> _Exercise prompt_:
Produce a verbatim copy of the following records, leaving out all pictures.

===== Data provided

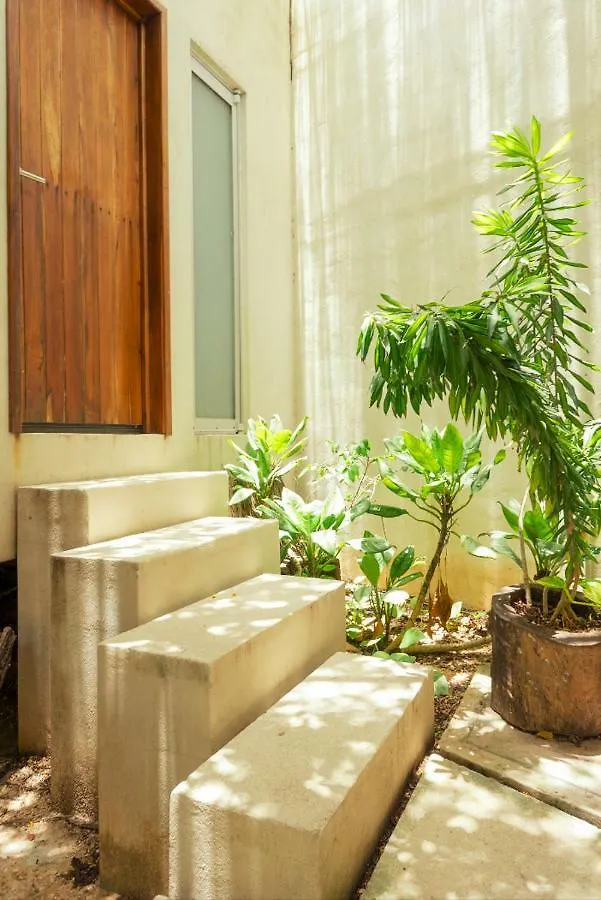 Designer Loft 1 Apartment Tulum Mexico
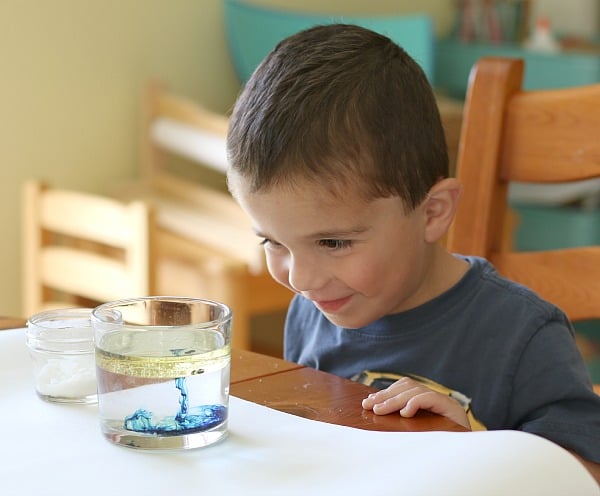Cool Science Experiments: Exploring the Density of Liquids- Buggy and Buddy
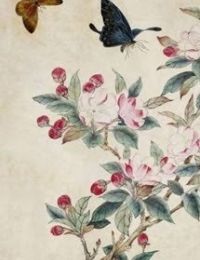 Mộng Điệp Kỳ Truyện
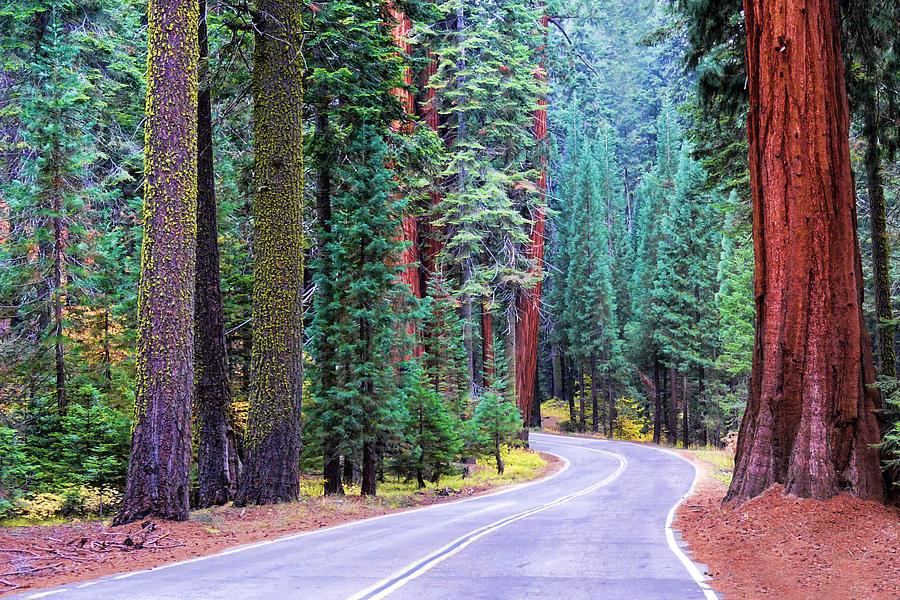 Sequoia Hwy Photograph by Beth Sargent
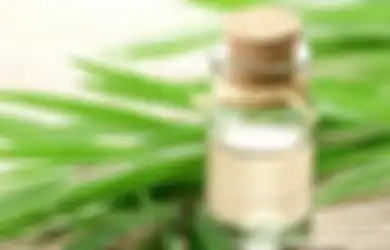 Bukan Diminum untuk Obat Covid, Ahli Tegaskan Minyak Kayu Putih Hanya Boleh Digunakan dengan Cara Ini, Hati-hati Bisa Luka Lambung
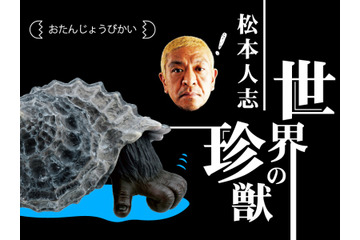 ガチャ「松本人志 世界の珍獣 第1弾」、リニューアルでAR技術を採用 画像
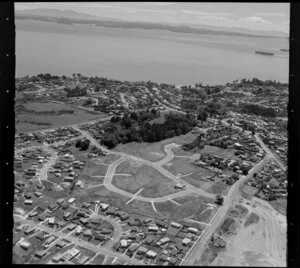 Land cleared for housing development, Gills Road, Manukau City, Auckland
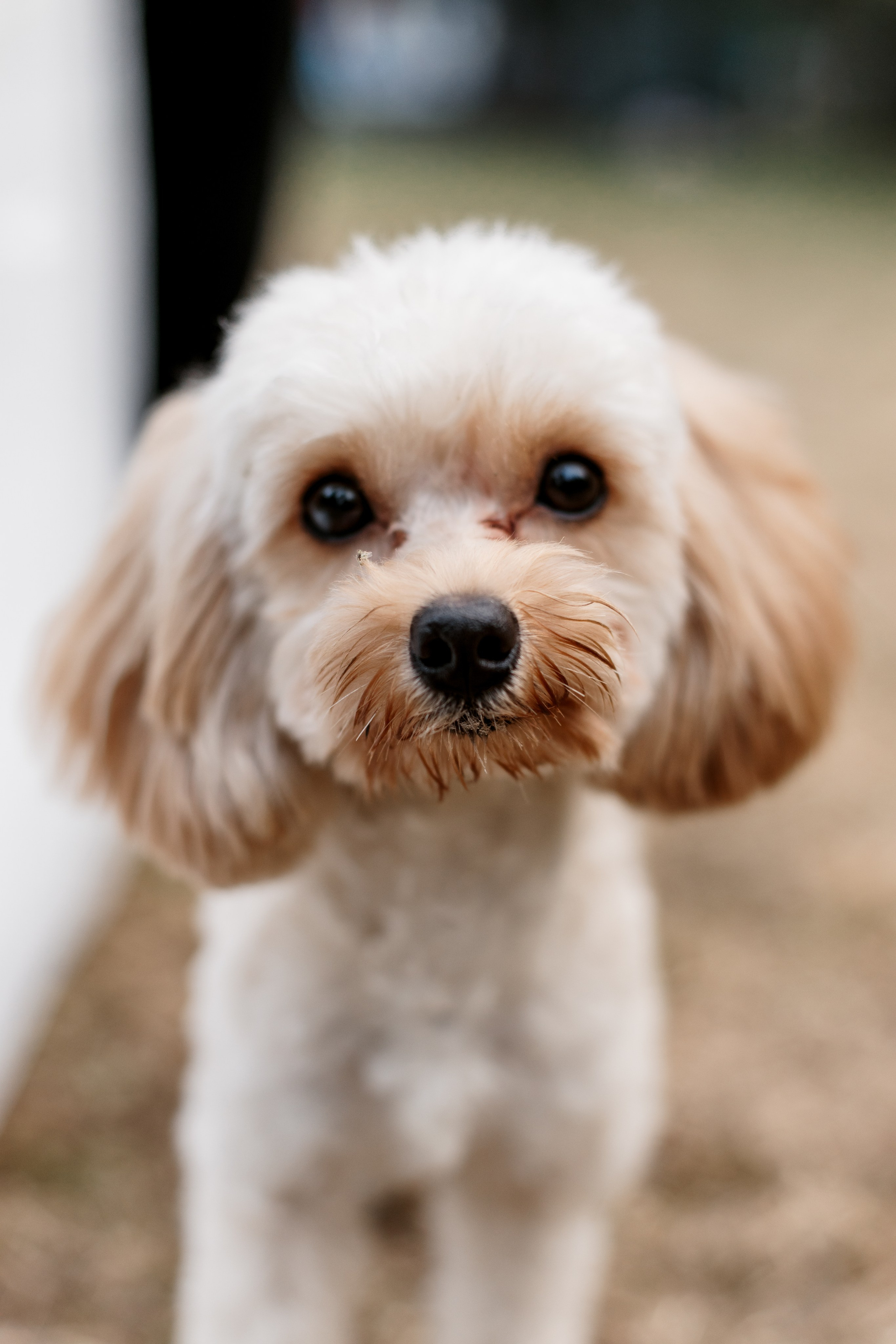 Alëna&Sergei. Свадебный и семейный фотограф Екатеринбург Настя Саедгалина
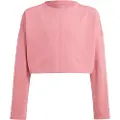 Adidas Yoga Sweatshirt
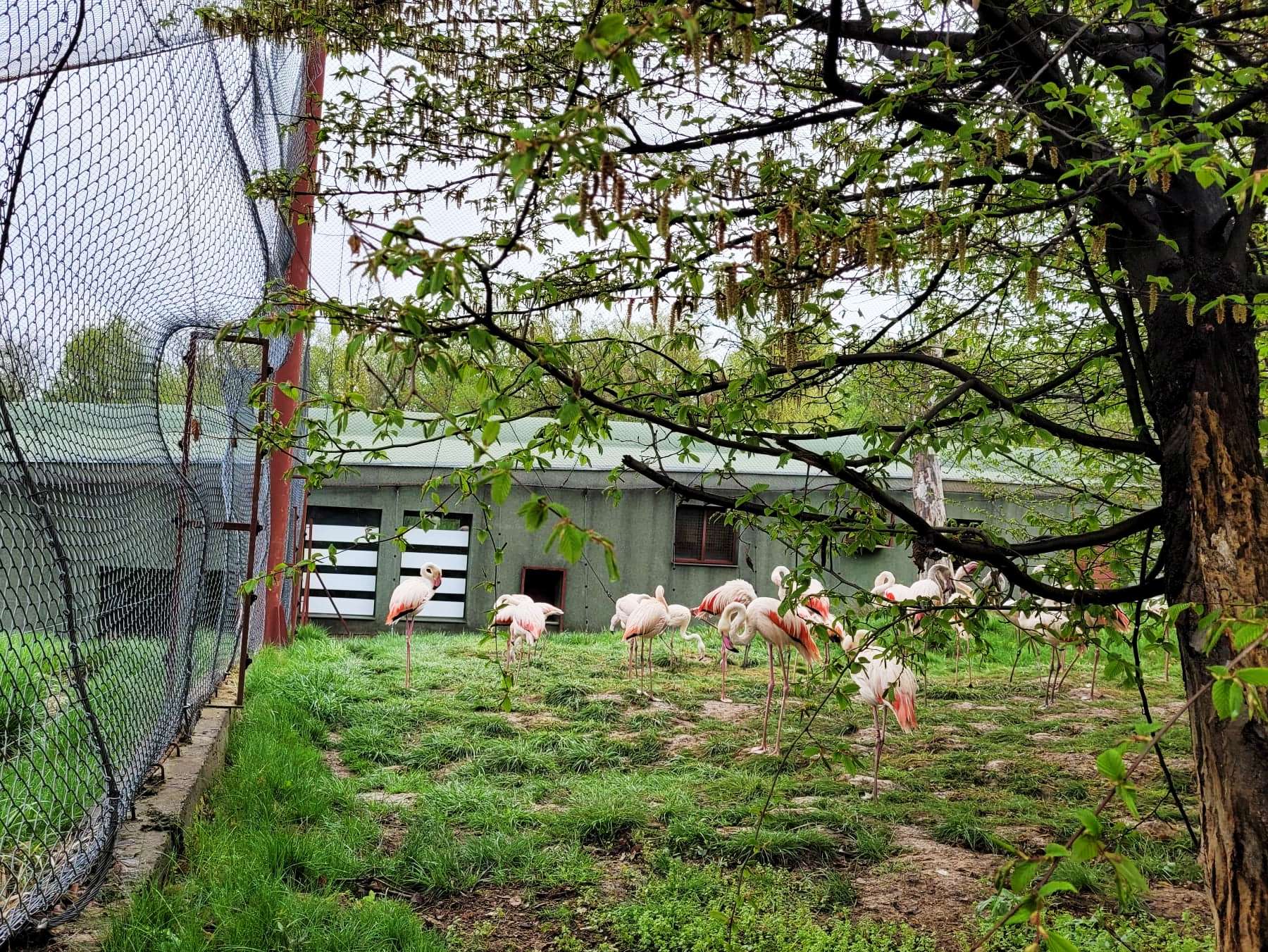 Grădina Zoologică din Târgu Mureș își deschide porțile pentru copiii cu dizabilități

==========

> _Result of the exercise_:
 Designer Loft 1 Apartment Tulum Mexico
Cool Science Experiments: Exploring the Density of Liquids- Buggy and Buddy
 Mộng Điệp Kỳ Truyện
 Sequoia Hwy Photograph by Beth Sargent
 Bukan Diminum untuk Obat Covid, Ahli Tegaskan Minyak Kayu Putih Hanya Boleh Digunakan dengan Cara Ini, Hati-hati Bisa Luka Lambung
 ガチャ「松本人志 世界の珍獣 第1弾」、リニューアルでAR技術を採用 画像
 Land cleared for housing development, Gills Road, Manukau City, Auckland
 Alëna&Sergei. Свадебный и семейный фотограф Екатеринбург Настя Саедгалина
 Adidas Yoga Sweatshirt
 Grădina Zoologică din Târgu Mureș își deschide porțile pentru copiii cu dizabilități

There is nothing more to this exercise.